Official: 30 killed in fight for key Libyan city

By Ryan Lucas

Associated Press

Published: Thursday, March 17 2011 7:28 a.m. MDT

American Ambassador to the U.N. Susan Rice is seen on a television monitor as she speaks to reporters after a Security Council meeting on the situation in Libya, Wednesday, March 16, 2011 at United Nations headquarters. (AP Photo)

The Associated Press

TOBRUK, Libya — Libya's opposition battled to keep Moammar Gadhafi's forces at the gateway to rebel-held territory on Thursday, hoping for help from the U.N. Security Council before his tanks and troops break through the city of Ajdabiya.

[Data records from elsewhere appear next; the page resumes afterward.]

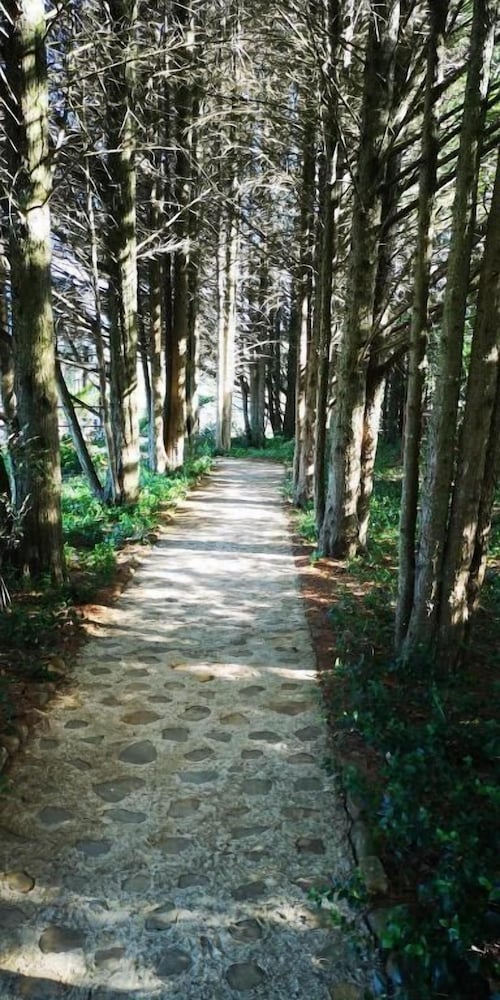 Фото Amazian Mountain River Lodge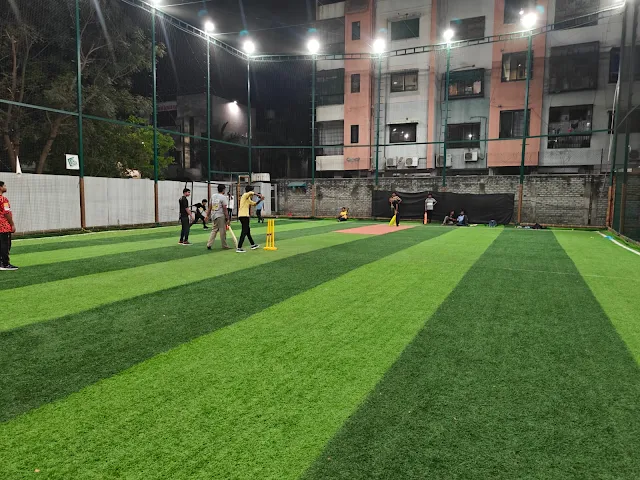 Turf photo 2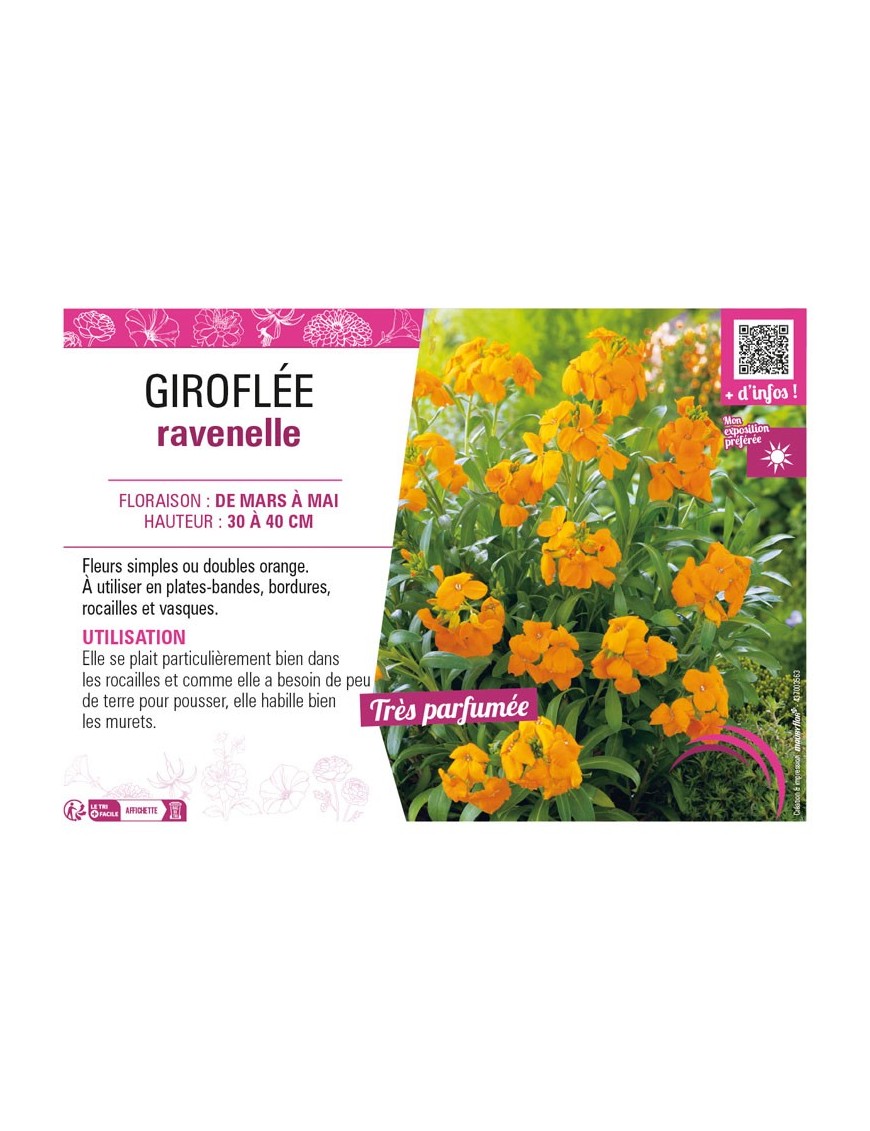 ERYSIMUM cheirii voir GIROFLÉE ravenelle (orange)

A senior hospital official in the city told The Associated Press that 30 people had been killed and at least 80 wounded in the fighting since Tuesday night, and many more of the injured couldn't reach the hospital. He spoke on condition of anonymity for fear of official retaliation.

Gadhafi's rapid advance on the rebels appears to have spurred the United States to leave behind weeks of doubts about a no-fly zone in Libya, and start advocating for broader U.N. authorization for international air, sea and land forces.

The Obama administration and other supporters of action against Gadhafi were pushing for a Thursday vote on a draft resolution. Russia and China have expressed doubts about the U.N. and other outside powers getting involved.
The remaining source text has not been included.